Memory heap size shoots up beyond 1.5 GB for 50MB pdf file #324

ladvishal1985 · 2023-08-31T10:25:53Z

Thanks for such a great library. We are able to reliably able to write watermark on the PDF. But we are facing trouble with the memory consumption. This is not allowing to use this library for our node servers since this issue is resulting in terminating the pods.
For example:

// We are getting file via signed url pass the response as below: 
const recipe = new Recipe(fileBuffer); 
const used = process.memoryUsage().heapUsed / 1024 / 1024;
this.logger.log(`The script uses approximately after recipe read ${Math.round(used * 100) / 100} MB`);
//Creating the new recipe shoots up the memory heap size above 1.5 GB and 
//After creating the stream 
const readerStream = new Muhammara.PDFRStreamForBuffer(fileBuffer);
// The memory size shoots up to almost 3 GB. 
// Then we use below 
const reader = Muhammara.createReader(readerStream); // We need this to get the total page count.
const pageCount =  reader.getPagesCount();

Is there any solution to this problem ?
Currently we are targeting a file size of up to 50 mb and may go upto 100mb.

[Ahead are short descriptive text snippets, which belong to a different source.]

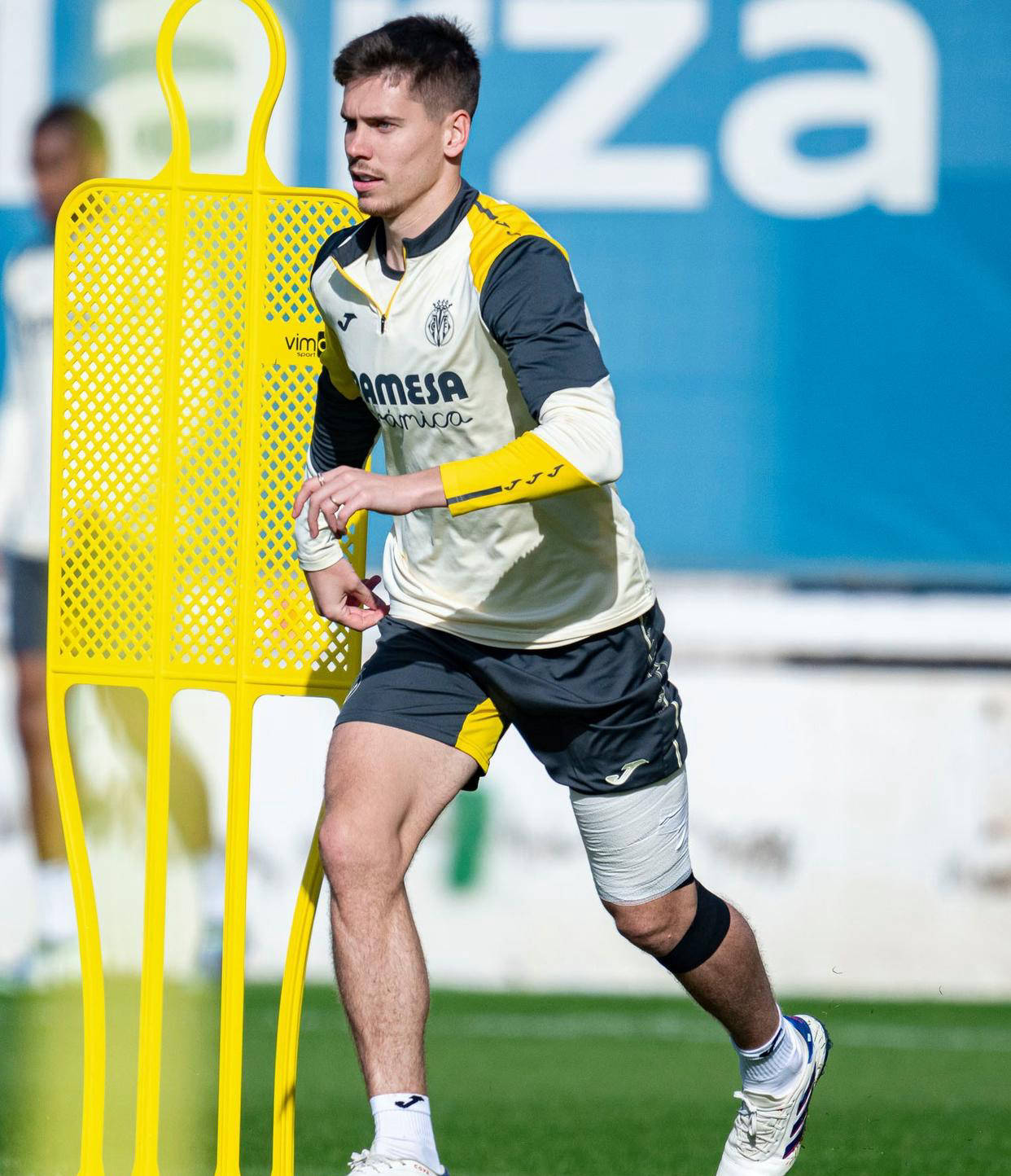 九游娱乐-冲刺阶段西甲焦点战,犹他爵士完成止住颓势,态度坚定,训练强度显著提升(犹他爵士主场球馆)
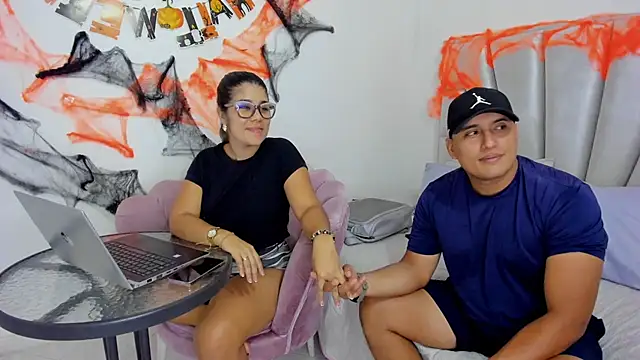 Snapshot of Couple_fantasies69 chatting on 10.24.25 Couple fantasies69 online show from 10.24.25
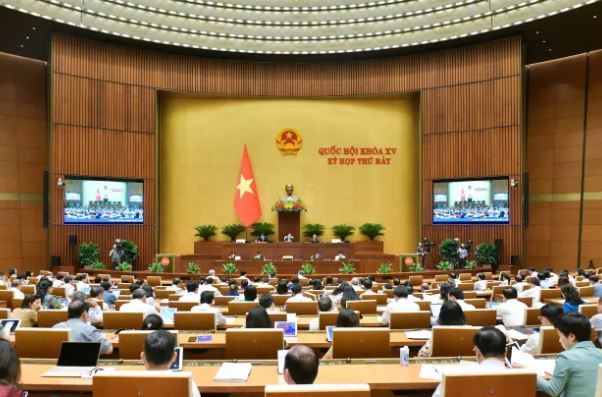 Ng&#xE1;y 18/6, Qu&#x1ED1;c h&#x1ED9;i th&#x1EA3;o lu&#x1EAD;n v&#x1EC1; d&#x1EF1; &#xE1;n Lu&#x1EAD;t C&#xF4;ng &#x111;o&#xE0;n (s&#x1EED;a &#x111;&#x1ED5;i)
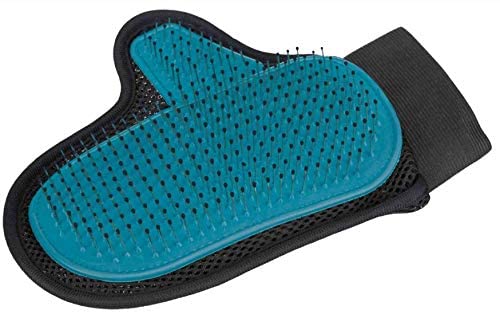 Trixie Fur Care Massage Gloves for Dogs, Grooms Your Pet While You Pet Them, Detangles and Removes Loose Hair, Gives Coat Silky Shine and Increases Blood Flow - 18 X 24 cm - Image 1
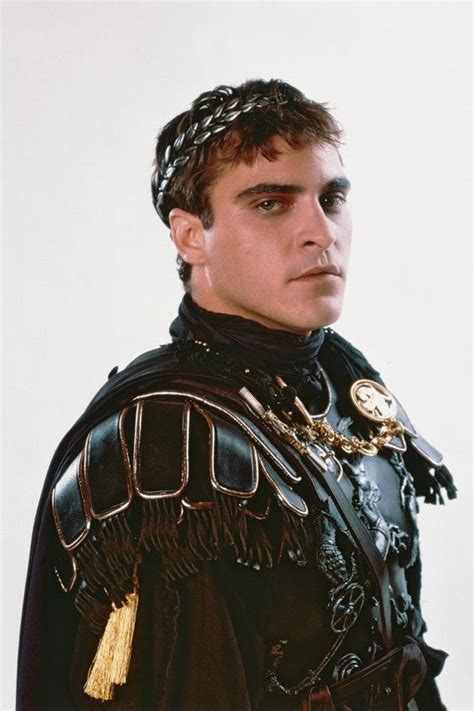 Joaquin Phoenix in Gladiator (2000) | Joaquin phoenix gladiator ...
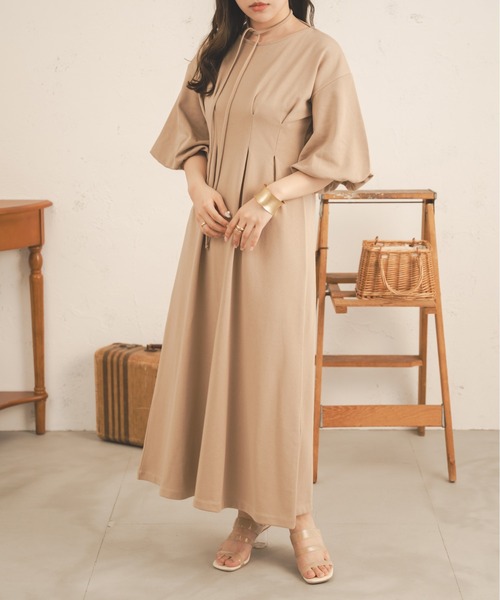 Ambre Neige(アンブルネージュ)の「紐付きタックワンピース/【WEB/EC限定商品】(ワンピース・レディース・ベージュ/アイボリー・FREE)」の3枚目の写真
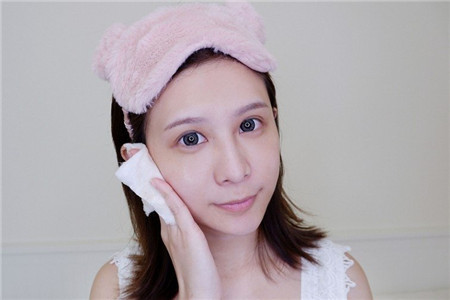 如何選擇防曬霜 這三種要點關鍵是女性看重的-易網<a href=http://www.jsjjzhkt.cn/ target=_blank class=infotextkey>健康養生</a>網 如何選擇防曬霜 這三種要點關鍵是女性看重的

julianhille · 2023-08-31T16:46:53Z

There are some Infos missing.

Where does fileBuffer come from and what is it?
- Please add a sample how to initialise it. is it uploaded to the server? not sure what the "signed file url" part means.
Why do you initialize recipe and then dont use it? for showing purpose?
What is your goal? watermarking or getting the page count?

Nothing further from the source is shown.